1) Guess 3 – 4 answers max. You only need to answer 75% of the easy/medium questions right with 25% of the hard questions right to break a 700. The thing about GMAT is that not all of the questions will score you. The GMAC (test makers) often throw in 5 – 7 experimental questions. So when you think there’s absolutely no way to solve a question, drop it and move on to another question that you can solve.
2) Time yourself during practice after you’re familiar with the basics. There’s no use to timing yourself if you cannot do basic math. Here’s a break down:
- Easy: 45 seconds or less with 100% accuracy
- Medium: 1 minute or less with 100% accuracy
- Hard: 1 minute 30 seconds or less with 75% accuracy
- Easy/Medium: 1 minute or less
- Hard: 2 minute or less
RC (Answering questions should be 1 minute each)
- Single Passages: 3 – 4 minutes
- Long Passages: 5 – 6 minutes
3) Keep in mind that you have a whole 75 minutes to go through both questions. If you find yourself going too fast… slow down… find yourself going too slow? Drop questions and speed up. The best way to understand how fast you are doing questions is to buy the enhanced score report. You can send them over to me and I will be able to help you interpret the scores.
For Quantitative: maximum 20 minutes for 10 questions.
For Verbal: maximum 20 minutes for 14 questions.
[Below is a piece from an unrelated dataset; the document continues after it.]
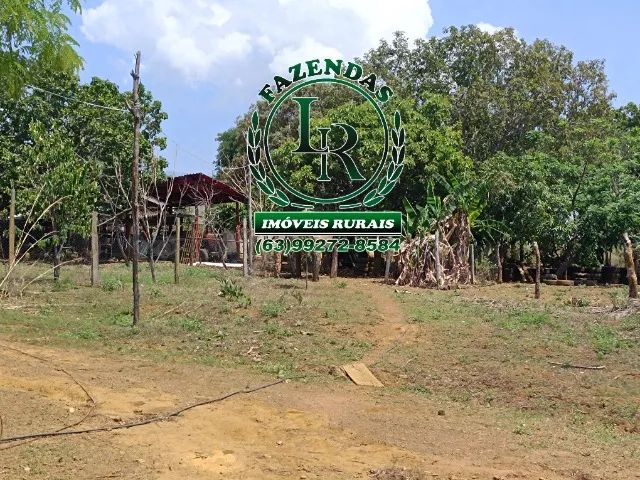 Fazenda 6 Alqueires Próximo a Palmas Tocantins - Foto 5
A lot of people may not think that peer learning is an important part to making the best out of your score, but I found it to be one of the best things that really helped my score jump up a whole notch.
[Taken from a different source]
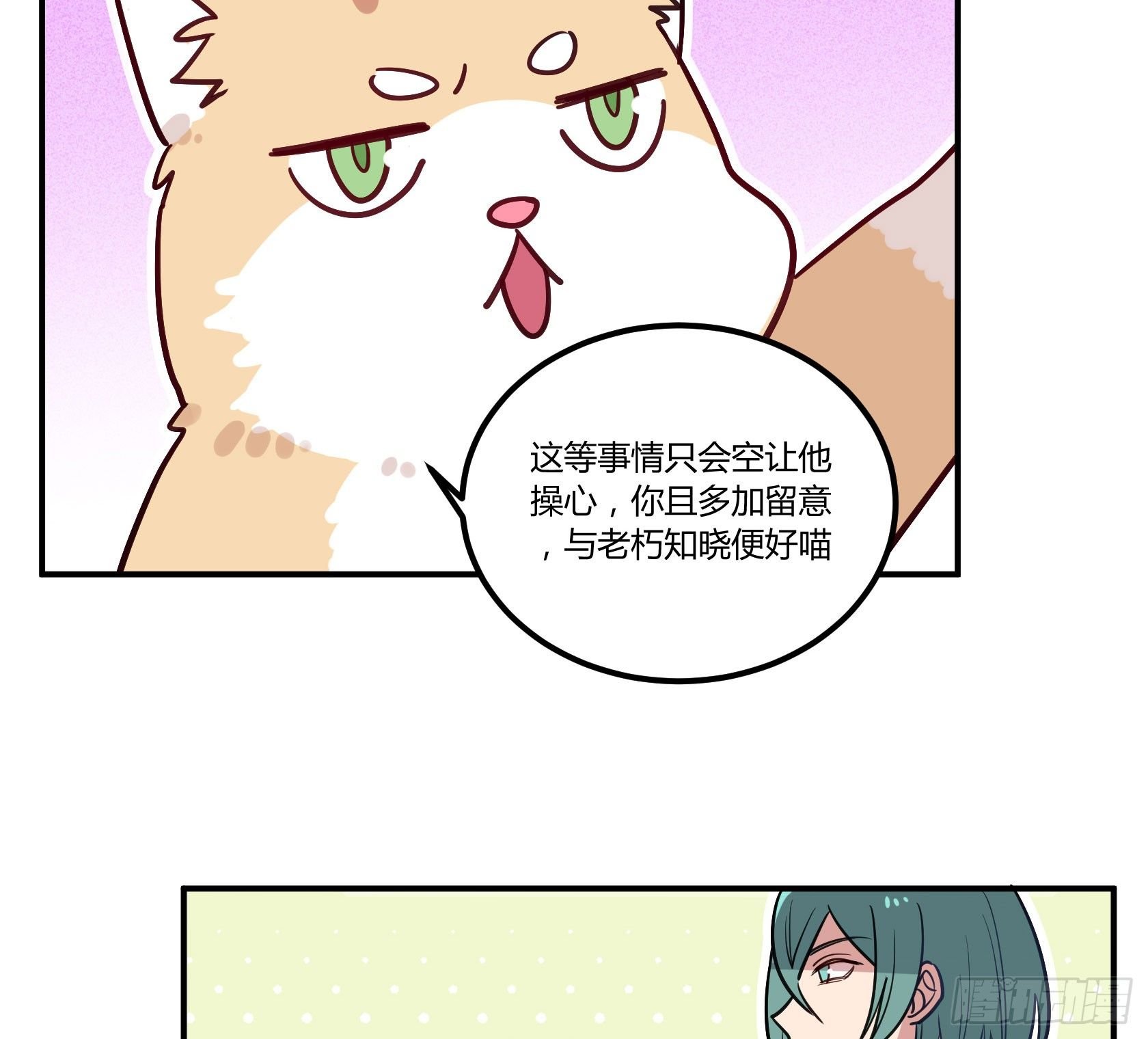 猫猫的报恩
The reason peer learning is awesome is that it helps you reflect whether your method to approach to certain types of GMAT questions is effective. One should learn to be versatile while taking the GMAT. There are always sure fire ways to tackle a question but if you can learn better and faster ways or the rational behind it, you sure as hell will be able to not be stumped when a question asks you to think differently. You can start peer learning by joining online communities such as beatthegmat.com or gmatclub.com. I personally recommend gmatclub.com since there are a lot of active users from all around the world practicing GMAT every day. After all, it’s good to make friends throughout your b-school journey… from start until end… or until you guys end up in the same school.
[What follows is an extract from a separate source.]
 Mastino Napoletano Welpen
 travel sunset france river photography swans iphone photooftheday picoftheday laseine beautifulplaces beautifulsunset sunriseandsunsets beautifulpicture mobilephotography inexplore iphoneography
A lot of people may say that GMAT is just a part of the application and the whole candidacy is assessed holistically… and that’s true but I do think having a good GMAT score lends a significantly strong helping hand towards one’s profile for b-school application. So study early and diligently unless you’re a genius.
- DO NOT STUDY ONE DAY BEFORE THE EXAM. I REPEAT. DO NOT.
However you can review your mistakes. Go over your mistakes. Do it.
- Bring ear plus. There will always be that asshole in the exam room who sighs really loudly. To that person, I hate you.
- Bring snacks. Stay energize!
- Be there 30 minutes early!
- Stay in the present, there’s no use mulling over past questions or future ones.
- Finish the exam, do not leave questions unanswered. You will be penalized.
Motivation for test takers
Don’t quit your war until your last battle is fought.
I want to reiterated that THE MOMENT YOU GIVE UP is the moment you stop giving yourself a chance for what you want. I know it’s VERY scary to face that tiny computer screen glaring a 650 at you after scoring a 660. I’ve been there. It hurts like a bitch to feel like all the effort and money you’ve wasted… went to nothing. However, it didn’t go to nothing… it went to your dreams. And your dream is not nothing. It’s something.
I don’t even have safety schools for when I’m applying to MBA programs. I was READY to not go in the year 2017 because I cannot handle myself going to schools I’m just feel okay with. Some people are reluctant to face failure… me too. But I realized that the EXPENSE of accepting less than I could go for was way more painful than seeing low scores OVER and OVER.
A little background about me. I call myself the one who sucked at math. I skipped ALL high school math. I scored only 640/800 for SAT. My calculus grades were C and C+. By the end of 2 years of work I do not know how to do simple addition and long division… luckily my multiplications are on point.
So If I can go up to 740 from a 550… then so can you.